Repeat the listing word for word. No pictures belong in the copy.

◆ SUPPLIED INFORMATION ◆

[Start of section]

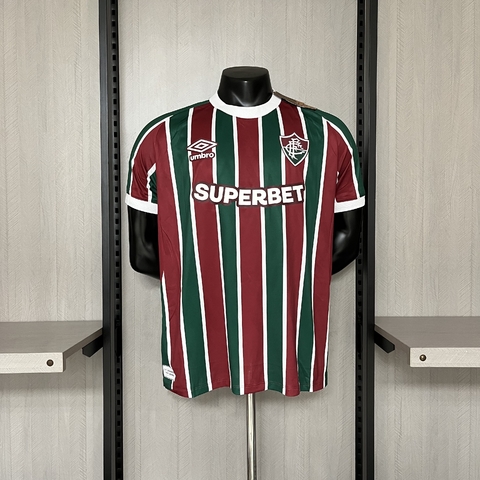 Camisa Fluminense I Authentic Versão Jogador 2025/26 Verde, Branco e Grená - Masculina - comprar online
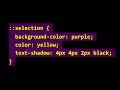 How to Change Text Selection Styling with CSS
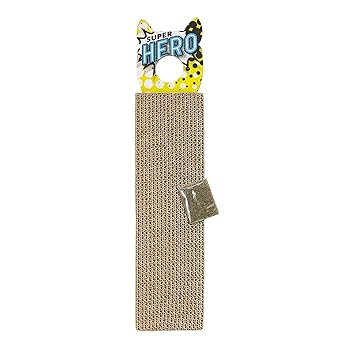 Barkbutler x Fofos Comic Door Hanger Cat Toy, Brown | for Small Kittens + Older Cats |Double-Sided Cat Hanger |Imported US Grade Catnip Powder| Hang on Door Handles| Durable Cardboard |Scratch, Play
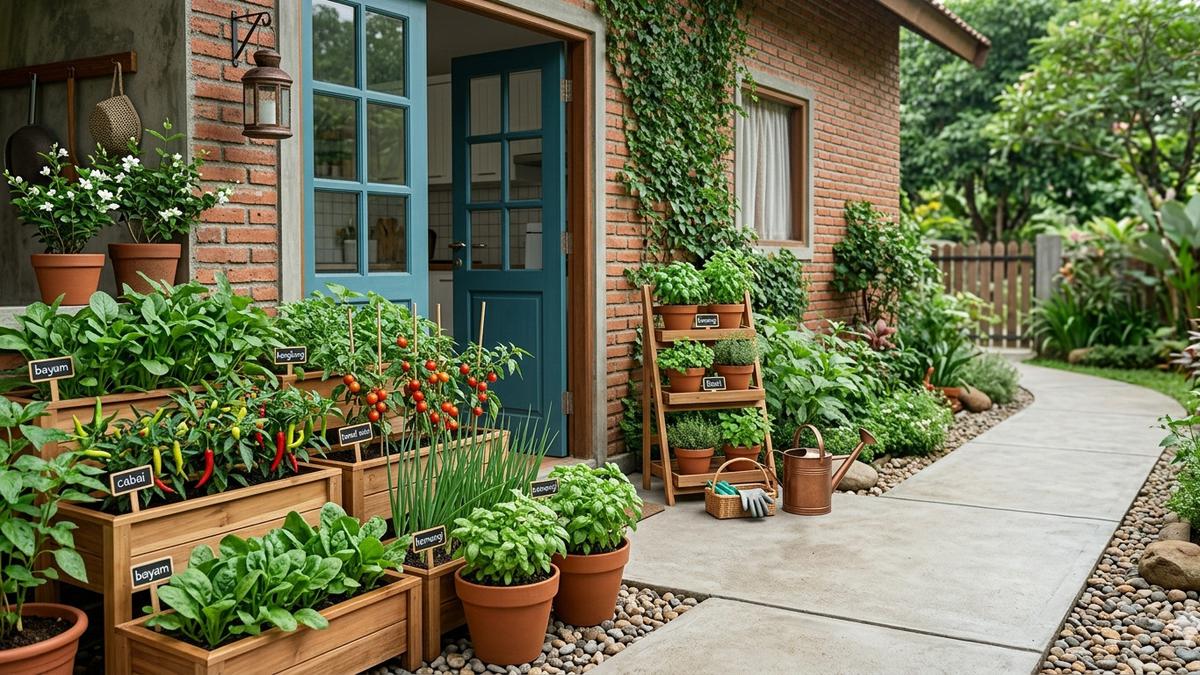 6 Ide Kebun Sayur untuk Ibu Rumah Tangga Usia 50-an: Praktis, Rapi, dan Menghasilkan Panen Segar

[End of section]

◆ EXERCISE OUTPUT ◆
 Camisa Fluminense I Authentic Versão Jogador 2025/26 Verde, Branco e Grená - Masculina - comprar online
 How to Change Text Selection Styling with CSS
 Barkbutler x Fofos Comic Door Hanger Cat Toy, Brown | for Small Kittens + Older Cats |Double-Sided Cat Hanger |Imported US Grade Catnip Powder| Hang on Door Handles| Durable Cardboard |Scratch, Play
 6 Ide Kebun Sayur untuk Ibu Rumah Tangga Usia 50-an: Praktis, Rapi, dan Menghasilkan Panen Segar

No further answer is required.